Jezus geeft ons geen lesje in menselijke omgangsvormen. Hij zegt ook niet: “Jullie moeten het zout der aarde zijn.” Hij wil ons enkel de richting aangeven waartoe ons leven leidt. Het antwoord met name op de vraag: “Waartóe ben ik zout voor deze wereld”? De laatste zin van het evangelie van vandaag geeft daarop het antwoord: “Opdat de mensen jullie goede werken zien en jullie Vader in de hemel verheerlijken”. Op elk moment immers loert de bekoring van achter het hoekje om zelf op de kandelaar te gaan staan, of om op een vrij subtiele wijze zelf geprezen en verheerlijkt te worden. God wordt verheerlijkt in ieder die naar het voorbeeld van Jezus zich op de achtergrond plaatst en onberekend goed is voor de ander. Ook al is ons geloof niet spectaculair te noemen en beseffen we maar al te goed dat we de waarheid niet in pacht hebben, wij zijn en blijven zout en we geven licht, hoe weinig we ook kunnen geven. Maar God wordt evengoed verheerlijkt in het leven en het werk van de vrijwilligers in de vluchtelingenkampen, die tegen alle ontgoochelingen in, blijven zoeken naar menswaardigheid en vrede. In de mensen die bewust of onbewust iets doen “ter ere Gods”. In hen zien we dat dit levenskrachtig zout ons privé-eigendom is niet is maar dat elke mens in staat is om door zijn werken God te verheerlijken. De beroemde theoloog Karl Rahner sprak in deze zin van anonieme christenen. Dankzij deze anonieme christenen is het woord ‘Jullie zijn het zout van de wereld’ geen kenmerk van een private club maar is dit een bevestiging, een compliment voor allen die dit – bewust of ongeweten – doen tot zijn gedachtenis. “Ter ere Gods!”

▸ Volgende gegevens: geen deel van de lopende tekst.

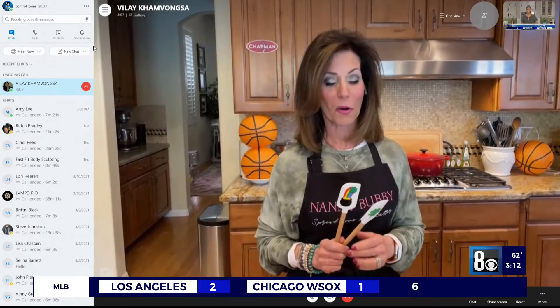It's an iconic item. Absolutely. Time to get cooking in Nanny Bubby's kitchen today. She's getting us ready for March Madness with a retro pasta salad. Hey, Nanny Bubby! Hey there, Rocky.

1e lezing: Jesaja 58, 7-10; 2e lezing: 1Kor. 2, 1-5; evangelie: Matteüs 5, 13-16
De evangelietekst uit de Willibrordvertaling 1978:
In die tijd zei Jezus tot zijn leerlingen: ‘Gij zijt het zout der aarde. Maar als het zout zijn kracht verliest, waar mee zal men dan zouten? Het deugt nergens meer voor dan om weggeworpen en door de mensen vertrapt te worden. Gij zijt het licht der wereld. Een stad kan niet verborgen blijven als ze boven op een berg ligt! Men steekt toch ook niet een lamp aan om ze onder de korenmaat te zetten, maar men plaatst ze op de standaard, zodat ze licht geeft voor allen die in huis zijn. Zo moet ook uw licht stralen voor het oog van de mensen, opdat zij uw goede werken zien en uw Vader verheerlijken die in de hemel is.